MAY 13, 2008
"I am in this race because I believe I am the strongest candidate... and the strongest president," Hillary Clinton said in her victory speech tonight. Hillary has certainly said things in this campaign that she clearly doesn't actually believe (see the gas tax holiday). But I think this reason, more than any other--more than her campaign debt, or the millions of women invested in her candidacy, or even the Clintons' sense of political entitlement--explains why she stays in the race, even in the face of crushing delegate math. (The pro-Obama Jed Report now calculates that Hillary would need to pick up a ludicrous 93 percent of the remaining available delegates, assuming the self-declared "Pelosi Club" superdelegates who have said they will back the pledged delegate winner stick to that promise.) She may be deluding herself, but Hillary really seems to believe that Obama neither deserves nor can win the White House. And I suppose if that's how she truly feels then it's hard to blame her for staying in the race, so long as she doesn't damage him beyond repair.

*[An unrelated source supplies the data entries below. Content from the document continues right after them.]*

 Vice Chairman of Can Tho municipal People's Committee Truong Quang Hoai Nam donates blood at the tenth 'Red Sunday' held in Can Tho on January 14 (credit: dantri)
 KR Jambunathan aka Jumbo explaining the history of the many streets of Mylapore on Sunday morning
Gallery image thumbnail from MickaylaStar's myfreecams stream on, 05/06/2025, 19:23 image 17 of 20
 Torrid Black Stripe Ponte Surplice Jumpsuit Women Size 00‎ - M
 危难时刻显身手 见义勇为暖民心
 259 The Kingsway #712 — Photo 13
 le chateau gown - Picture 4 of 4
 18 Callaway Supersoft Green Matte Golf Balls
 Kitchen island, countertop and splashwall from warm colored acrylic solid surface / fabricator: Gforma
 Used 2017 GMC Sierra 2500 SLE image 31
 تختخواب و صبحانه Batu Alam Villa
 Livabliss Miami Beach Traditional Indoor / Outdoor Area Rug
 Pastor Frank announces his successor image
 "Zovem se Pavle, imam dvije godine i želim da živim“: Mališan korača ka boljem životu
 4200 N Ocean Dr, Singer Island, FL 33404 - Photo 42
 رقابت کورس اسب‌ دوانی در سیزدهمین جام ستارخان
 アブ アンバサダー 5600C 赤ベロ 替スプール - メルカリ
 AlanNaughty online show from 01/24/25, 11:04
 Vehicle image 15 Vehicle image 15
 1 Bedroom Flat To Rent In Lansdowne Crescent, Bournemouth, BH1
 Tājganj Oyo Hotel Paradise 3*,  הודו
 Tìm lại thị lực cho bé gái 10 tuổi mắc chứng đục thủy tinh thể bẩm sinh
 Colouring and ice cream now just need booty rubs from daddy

The trouble is that, even if her victory speech didn't question Obama's qualifications, Hillary's mere presence in the race on a night like this likely diminishes Obama's standing. It hardly makes him look strong when Hillary is on stage talking about being the best president and Obama is nowhere to be seen. Or Karl Rove is declaring, as he did on Fox News, that "West Virginia is a state that likes regular people. It can smell an elitist coming... somebody who's looking down their nose at them a hundred miles away." Hillary may believe that she is more electable. But if her highest priority is for Democrats to win the White House, a purely rational calculation, given the odds against her, would have led her to drop out last week and campaign with Obama in West Virginia, helping him to avoid tonight's embarassing storyline. (TNR's Josh Patashnik makes a smart and plausible case here for why Obama should be grateful Hillary stayed in. But if she'd dropped out and actively promoted him in WV, things might have been different.)
Ultimately the reason she doesn't, I think, is that Hillary is simply and utterly convinced she is the most electable, most qualified candidate. That may be arrogant, it may be a fantasy. But if it's something she really and truly believes--and I think it is-it must be awfully hard to walk away from.